The debate about Woods’s performance only underscores the issue that several of the condemned men raised in the first place: why was hanging chosen over the firing squad? Woods was genuinely convinced about the virtues of his trade. Obermayer, the young GI who had known Woods when he carried out earlier executions, recalled “
a more-or-less drunken moment” when one soldier asked the hangman whether he would like to die at the end of a rope or by some other means. “You know, I think it’s a damn good way to die; as a matter of fact, I’ll probably die that way myself.”
“Aw, for Christ’s sake, be serious, that’s nothing to kid about,” another soldier interjected.
Woods wasn’t laughing. “I’m damn serious,” he said. “It’s clean and it’s painless, and it’s traditional.” He added: “It’s traditional with hangmen to hang themselves when they get old.”

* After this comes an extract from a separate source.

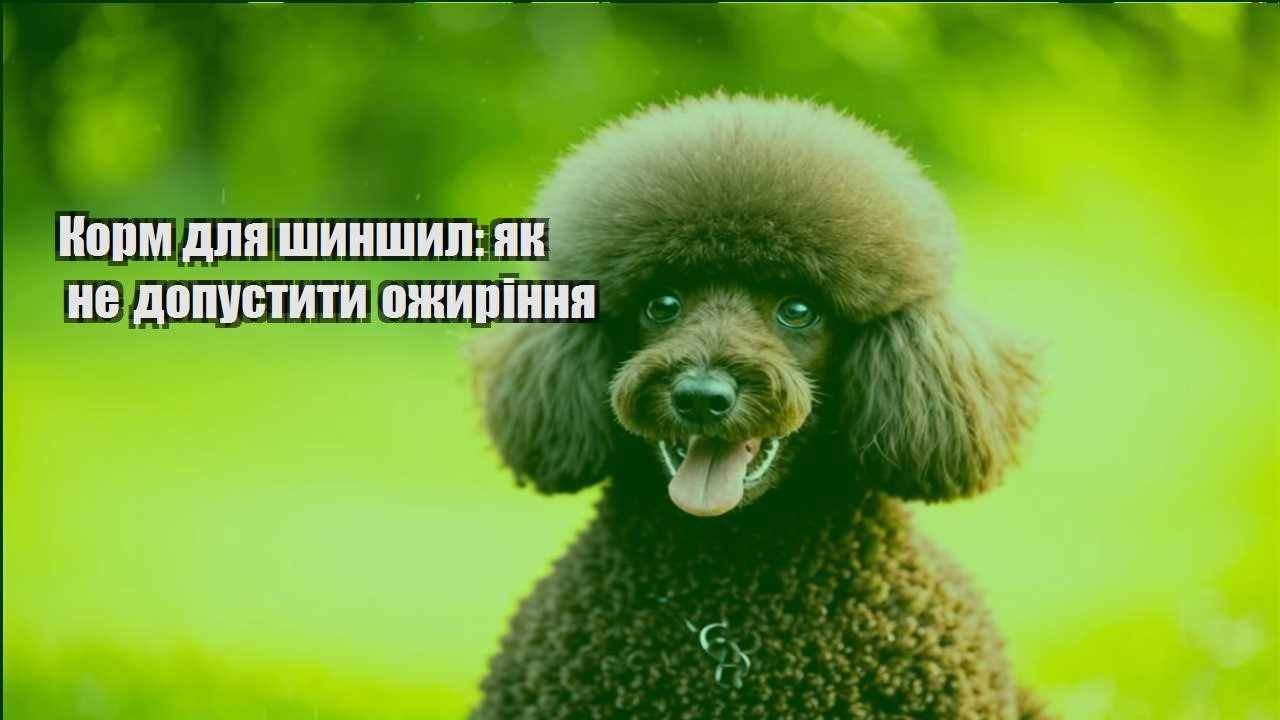 korm dlya shynshyl yak ne dopustyty ozhyrinnya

Obermayer was not persuaded about the putative advantages of hanging over other forms of execution. “Hanging is a special kind of humiliating experience,” he said, looking back at those encounters with Woods. “Why so humiliating? Because when you die, all your sphincters lose their elasticity. You become a shitty mess.” In his view, it was hardly surprising that the top Nazi officials at Nuremberg pleaded so desperately for the firing squad instead.
Nonetheless, Obermayer was convinced that Woods was sincere in his belief that he was carrying out a job that needed to be done with maximum efficiency and decency. Pierrepoint, his British counterpart, whose father and uncle had plied the same trade, made a similar claim at the end of his career: “
I operated, on behalf of the State, what I am convinced was the most humane and dignified method of meting out death to a delinquent,” he wrote. Among Pierrepoint’s victims during his tour in
Germany were the “Beasts of Belsen,” including the former commandant of Bergen-Belsen Josef Kramer and the infamously sadistic guard Irma Grese, who was only twenty-one when she went to the gallows.

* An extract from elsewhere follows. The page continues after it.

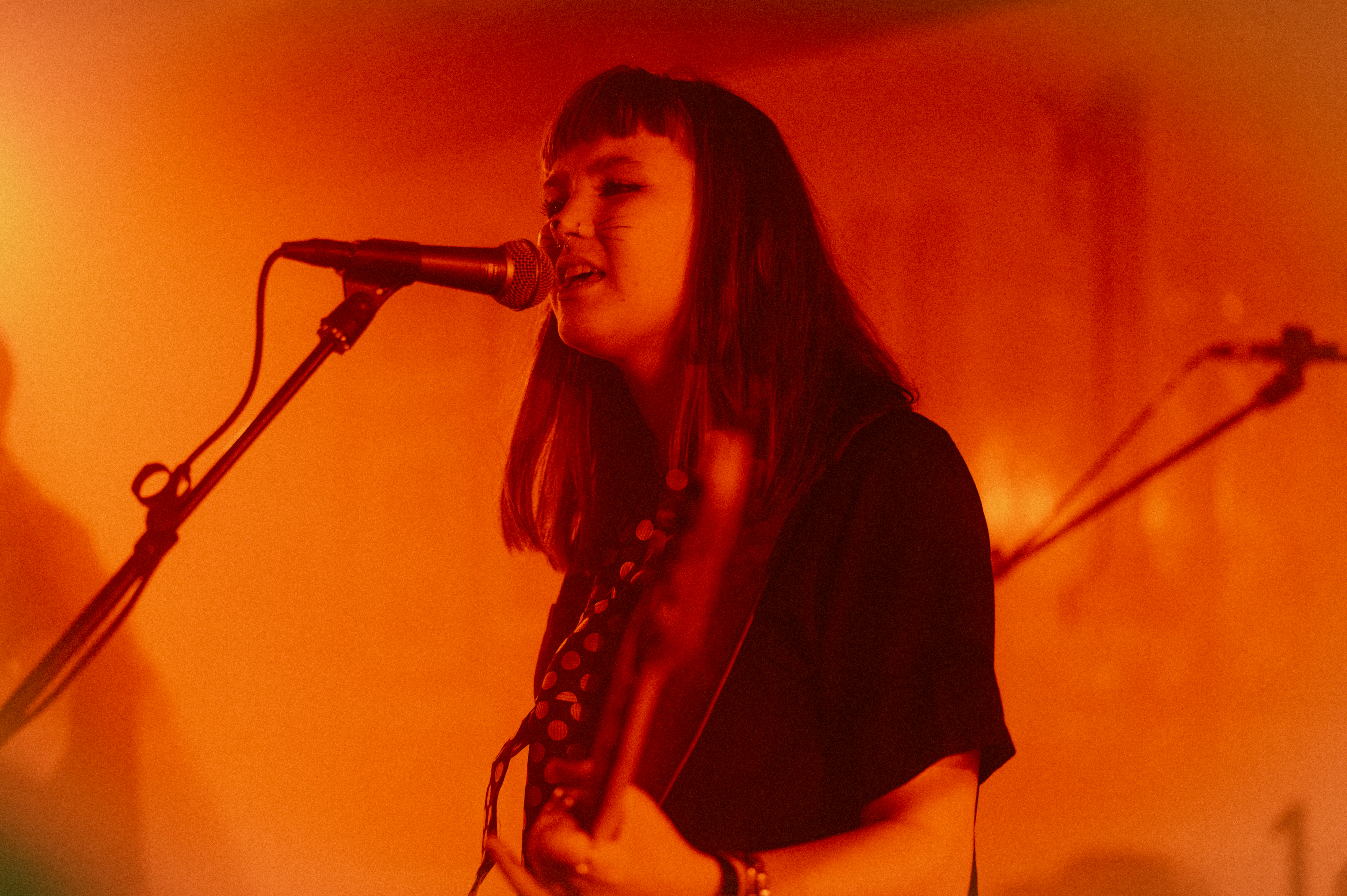 DSC 3994 Enhanced NR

Unlike Woods, Pierrepoint lived to an old age, and eventually turned against the death penalty. “Capital punishment, in my view, achieved nothing except revenge,” he concluded.
Obermayer, who had returned to the United States before the hangings at Nuremberg, remained convinced that Woods approached all of his assignments, including his most famous one, with professional detachment. It was “just another job for him,” he wrote. “I’m sure his approach to it was much more like that of the union workman who stands on the slaughtering block in a Kansas City packing house than that of the proud French fanatic who guillotined Marie Antoinette in the Place de la Concorde.”
But in the aftermath of the war and the Holocaust, it was hardly surprising that the notions of revenge and justice were often intermingled, whatever the motives of the executioners themselves.
As for Woods, he was proved wrong in his prediction about how he would die. In 1950, he accidentally electrocuted himself while repairing a power line in the Marshall Islands.